The train rambled steadily northward in the late afternoon hours of Dec. 24, 1967 – Christmas Eve.

Though it was only 4 o’clock, the sun had already disappeared. Afternoon darkness was a new experience for the young American traveler.

The voyage had begun before Midnight on Dec. 23 in Nuremberg, Germany, where the young man was stationed and working as sports editor of the Fourth Armored Division "Rolling Review," a twice-monthly Army division newspaper.

He was headed to Insjon, Sweden, a small village near the southern tip of Lake Siljan to spend the holidays with relatives there. His grandfather had left Sweden in 1901 to start a new life in America – settling in Stratford – and the young man would stay with his own father’s cousin for the holiday period. He’d traveled there just the previous September to meet his relatives for the first time and they asked – demanded almost – that he return to spend Christmas and New Years with them.

Sometimes getting leave time approved around the holiday period is difficult; fortunately, no one had stood in his way.

Already, he’d been on a train for nearly 20 hours, falling in and out of consciousness lulled there by the steady rocking of the coach and click-clack of the wheels on the track.

Finally, the train pulled into the station at Karlstad, the northernmost city on Lake Vanarn, the largest inland lake in Sweden. In Karlstad he would change trains for the last leg of his journey.

Grabbing his travel bag, he stepped out into the frigid night air and pulled his coat collar around his face with his free left hand.

Inside the station, he looked at the train schedule to make sure he hadn’t missed his northbound ride.

Not seeing a train on that schedule, he approached a station employee only to be told that there was no train on Christmas Eve. The only trains leaving Karlstad that night were two going to Stockholm; one of those was the train he’d just left.

A local policeman overheard the conversation and, noting angst in the voice of the young American traveler, offered his assistance.

"Well, you can stay with us until the next train goes north," he offered.

But, that train wasn’t scheduled until December 26 – the day after Christmas.

Resigned to his fate, the young man accepted the kind offer. At least he’d be warm and be fed and wouldn’t have to sit on a hard train station bench for more than a day.

"We’ll call your relatives to tell them where you are," the policeman said.

So, the American told the officer that he was traveling to spend the holidays with his grandfather’s niece. Her name was Karin Haglund and was married to Georg Andersson.

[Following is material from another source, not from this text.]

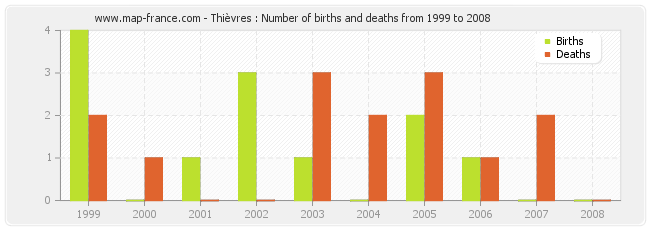 Thièvres : Number of births and deaths from 1999 to 2008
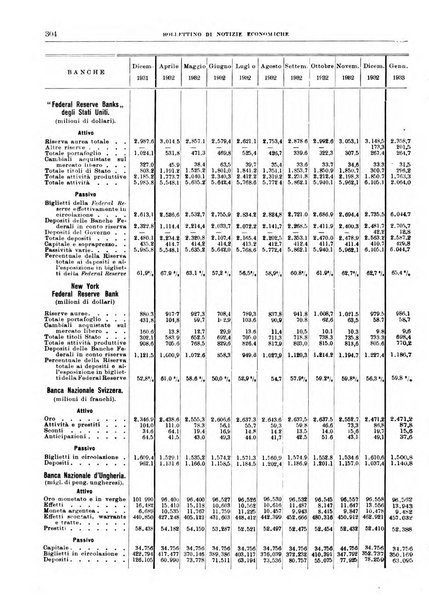 Bollettino di notizie economiche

Although he spoke some Swedish, he couldn’t make out all of the conversation between the policeman and his relatives on the other end of the phone. After a couple of minutes, the officer handed the young man the phone and he spoke to his second cousin, Birgitta, who was fluent in English.

"It’s settled. You shall come here tonight by car," she said.

With that, a taxi was hailed and the young man son found himself leaving Karlstad for the 125-mile trip to Insjon. He felt great gratitude to be heading to his destination, but also felt a little sorry for the taxi driver, who was giving up his own family Christmas Eve celebration to make the trip.

The travelers arrived in Insjon just before Midnight. The young man found out later the cab fare had been about $125 – quite a large sum in 1967.

The young serviceman was grateful for a late night snack and was also very happy to engage in conversation. They all wanted to know every detail of his journey, wanted to know about his Army life, wanted to know how Christmas was celebrated in America.

Much of that would have to wait, though.

It was a very short night of sleep before everyone rose to attend the 5 a.m. Christmas service at the same church in which his grandfather was baptized and confirmed, the church that overlooked a yard filled with headstones, some of them marking the final resting place of ancestors he would know only by what was inscribed on those stones.

Sitting in the crowded "Als Kirke" that Christmas morning remains one of the young man’s most memorable moments in life, certainly one of the most cherished of all Christmases.

He thinks of that special Christmas every year as a new celebration nears. And he recalls Georg’s booming choir voice, louder than anyone else’s, filling the small church with Christmas joy.